# Firing Squad



## Stiff (Jun 15, 2015)

An Englishman, Welshman, Scotsman and Irishman were captured while fighting in a far off foreign land and the leader of the captors said, "We're going to line you up in front of a firing squad and shoot you all in turn. But first, you can each make a final request."

The Scotsman says, "I'd like to hear the Flower of Scotland just one more time to remind me of the auld country, played on the bagpipes in the style of the Royal Scots Dragoon Guards."

The Irishman says, "I'd like to hear Danny Boy just one more time to remind me of the auld country sung in the style of Daniel O'Donnell with the Riverdance dancers skipping gaily to the tune."

The Welshman says, "I'd like to hear Men of Harlech just one more time to remind me of the auld country, sung as if by the Aberavon Male Voice Choir."

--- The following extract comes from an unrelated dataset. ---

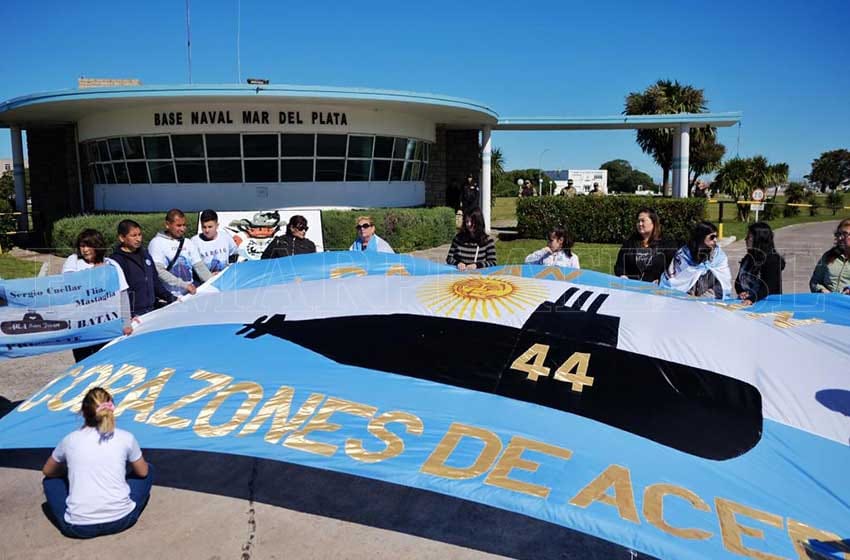 ARA San Juan:"Los familiares vamos a sacar a Aguad de los pelos"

The English man says: "I'd like to be shot first."


----------



## SPECSMAN (Oct 11, 2016)

Very good!


----------



## Roller Skate (May 18, 2015)

Went down well with the rugby lads. :lol: :lol:


----------



## MarksBlackTT (Nov 29, 2016)

:lol: :lol: :lol:


----------



## j8keith (Jun 26, 2009)

:lol: :lol: :lol:


----------